Es un libro duro. Klebold hace un repaso minucioso de todos los pensamientos que ha tenido en los últimos 17 años y recuerda todas las decisiones que ella y su ex marido Tom tomaron en relación a la educación de su hijo, con el fin de entender en qué se equivocaron o qué señales no vieron. También detalla el impacto que la masacre ha tenido en las vidas de otros jóvenes violentos y explica cómo cambia la vida de unos padres después de que su hijo mate a otras personas (resumiendo: divorcio, bancarrota, enfermedad, desmoronamiento, seguido de un esfuerzo por comprender y racionalizar los hechos para poder soportar esta pesada carga.

La parte más polémica de sus memorias es que pide a los lectores que cambien la percepción que tienen de Dylan. Cuando sucedieron los hechos, la oficina de Klebold se encontraba en el mismo edificio que una oficina de libertad condicional, y a menudo se sentía intimidada y aterrada si tenía que subir en el ascensor con exconvictos. Tras la masacre, explica en el libro, “pensaba que simplemente eran como mi hijo, que solo eran personas que, por algún motivo, tomaron una decisión horrible que los empujó hacia una situación terrible y desesperada. Cuando los informativos hablan sobre terroristas siempre pienso son los hijos de alguien”.

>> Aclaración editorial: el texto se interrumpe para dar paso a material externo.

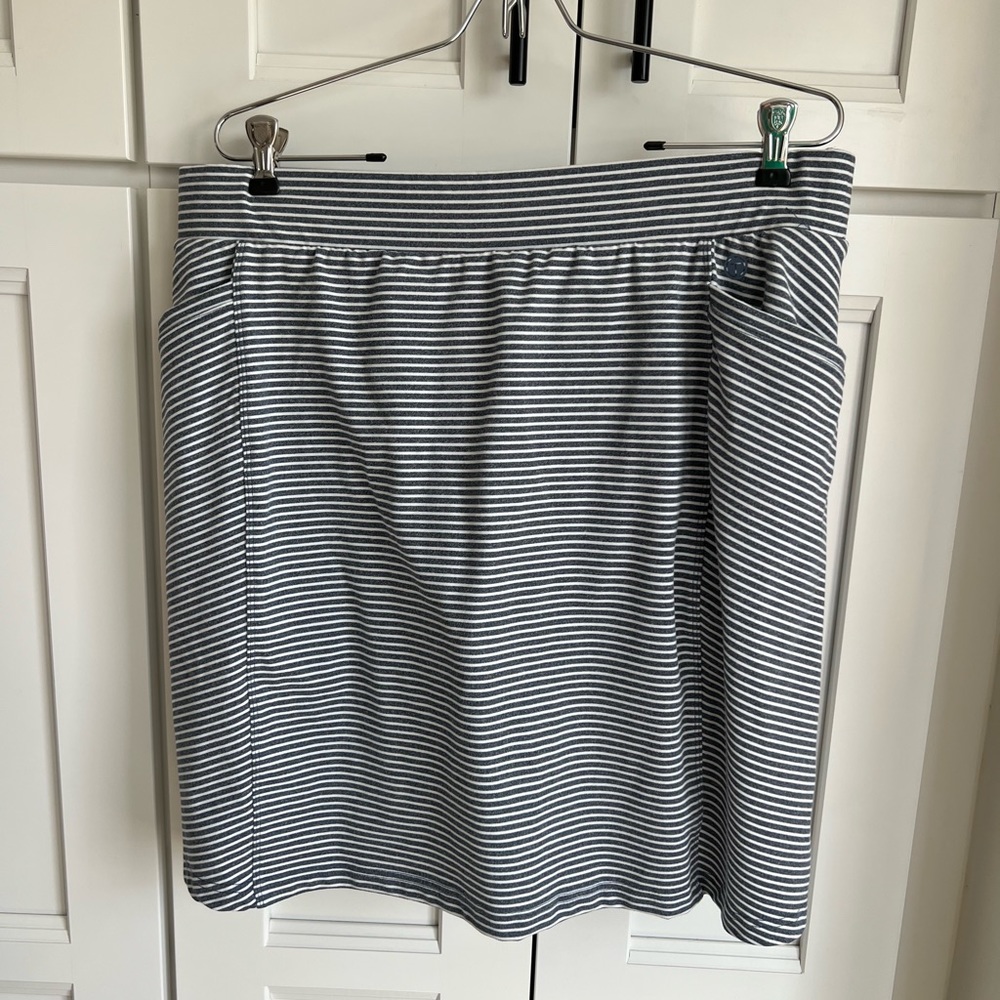 Talbots skort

Klebold siente compasión porqué también pide a los demás que sientan compasión, o mejor dicho, quiere su perdón. Sin embargo, también pide una reflexión más profunda sobre los motivos que llevan a los adolescentes a matar. Tras pasar los últimos 20 años reflexionando sobre este hecho y entrar en el mundo de la prevención de suicidios y de asesinatos con suicidio posterior, ha llegado a una conclusión que, de alguna manera, resulta más chocante que la noción de que ella fue una mala madre o Dylan era “malvado”. En su libro explica que daría la vida por recuperar “la de uno de los chicos que su hijo mató” pero no acepta la opinión generalizada de que su hijo era un monstruo. “Era un ser humano”, me dice mientras mira por la ventana. No debería ser una revelación sorprendente pero por algún motivo lo es: todavía lo quiere.

Si nos ceñimos a su descripción, la impresión que tenemos que es Dylan Klebold era un niño normal y fantástico. Los contrastes hacen que los colores brillen y tal vez hay en el libro un esfuerzo por presentar una infancia angelical a la luz de cómo terminó la vida del adolescente. Sin embargo, cuando Klebold escribe que su hijo menor “era obediente, curioso, atento y con una personalidad apacible” nada hace pensar que esté mintiendo. Lo llama “mi sol” en referencia a su pelo rubio y naturaleza alegre y mi “pequeño trabajador” ya que era muy determinado y quería que sus proyectos se hicieran realidad. Nunca pensó que su hijo menor fuera a causarle problemas.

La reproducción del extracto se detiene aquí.